★今さら、と言われそうですが、このところの日本のマンガ・アニメの世界進出は凄まじいものがありますな。
「クール・ジャパン」の筆頭ってことらしいですが、かつて、日本初のテレビアニメ「鉄腕アトム」の本放送をリアルタイムで見、自身もマンガ家になりたくてなりたくて懸命に目指していた者としては、少し複雑な想いも無いわけでは有りません。と言うのも、いま隆盛をきわめている多くの作品には、なかなか溶け込めない自分がいるからなのであります。
その大きな理由は、今時のマンガの「絵」と言うか、「キャラクター画」に馴染めないせいなのです。
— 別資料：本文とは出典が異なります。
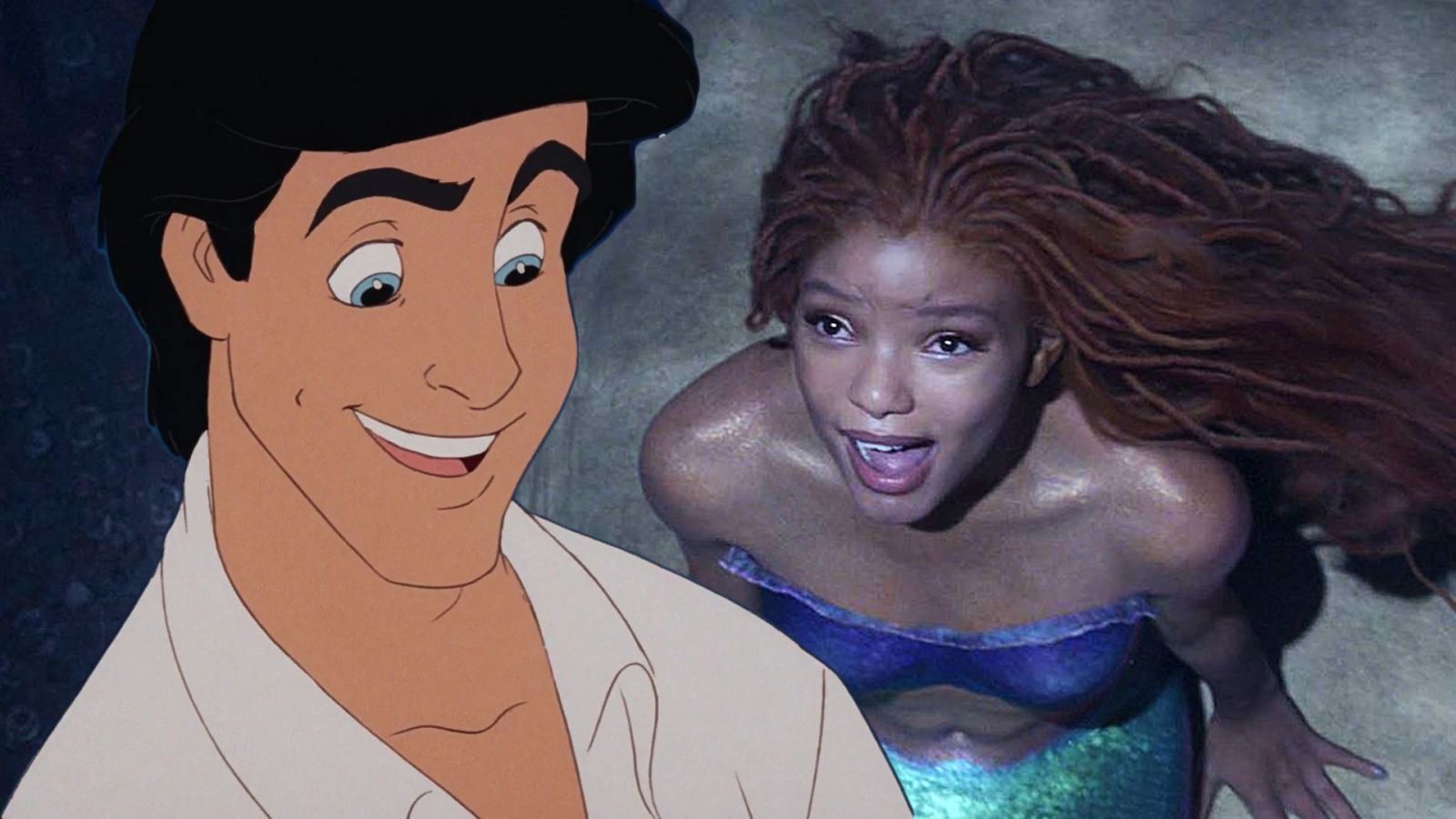 1600x900 The Little Mermaid Director On Reinventing Prince Eric For The Live Action Movie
僕自身が絵描きの端くれで、絵に対する好みが激しいことが原因かも知れませんが、どうも、今のマンガは、確かに洗練されていてキレイなんだけど、なんか気持ち悪い・・ いわゆる生理的に拒否反応を起こしてしまうところが有るんです。
と言うのも、今の漫画には、昔の少女漫画的作風が流入していると思うのです。差別?と言われたらそれまでなんですが、子供の頃から少女漫画が苦手で、今の作品の絵柄に「少女漫画風」を感じると、どうしても受け付けなくなってしまうんです・・(申し訳ないです)。なので、ストーリー的には面白そうだと想っても、ついついバリアを張って避けてしまうことが良くあります。
それでも、ギリギリの境界線を何とかクリアして、見て良かったなと想うものも幾つか有ります。「蟲師」や「夏目友人帳」とか「秒速5センチメートル」など、とても良かったですね。「蟲師」に関しては絵も好きでしたが、あの奇抜な発想や設定が素晴らしかったし、「夏目友人帳」はアニメ「ゲゲゲの鬼太郎」が失ってしまった、妖怪に対する畏怖や不可思議が見事に描かれていました。
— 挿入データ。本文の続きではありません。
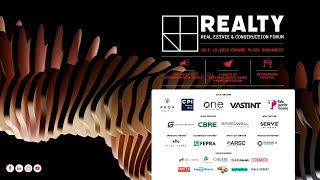 Real Estate amp Constructions Forum amp Awards 2024 [upl. by Aleac51]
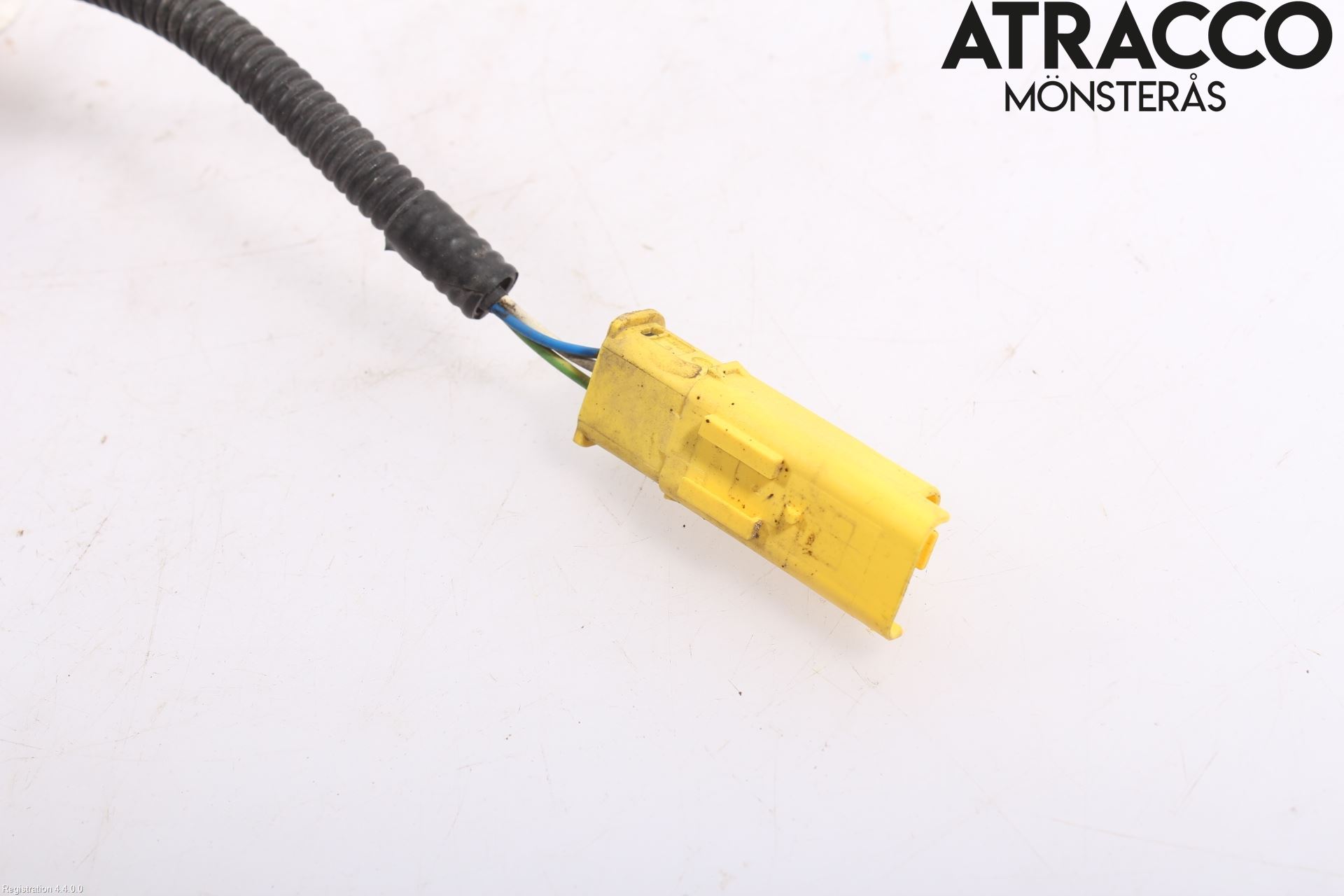 Citroen C3 10-17 Kabelhärva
「秒速5センチメートル」については、キャラクターの絵は好みでは無かったのですが、まず背景画に引き込まれて、それにつられて物語にも引き込まれてしまいました。(自分がブレード隊で訪れた、幾つかの実在する駅が登場する、聖地巡礼的懐かしさも有りましたかね)
ただ、「ワンピース」なんかと比較して、もしかしたら、これらは一昔前の作風に近いから気に入ったのかな?と言う想いも無くはありません。
「ワンピース」は、ストーリーとは直接関係の無いエピソードを、延々と語り続ける場面が随所にあって、最近の作品にはそう言う傾向がとても多いのですが、僕なんかには、このわき道にそれる感じがたまらなく退屈だと感じられてしまうのです。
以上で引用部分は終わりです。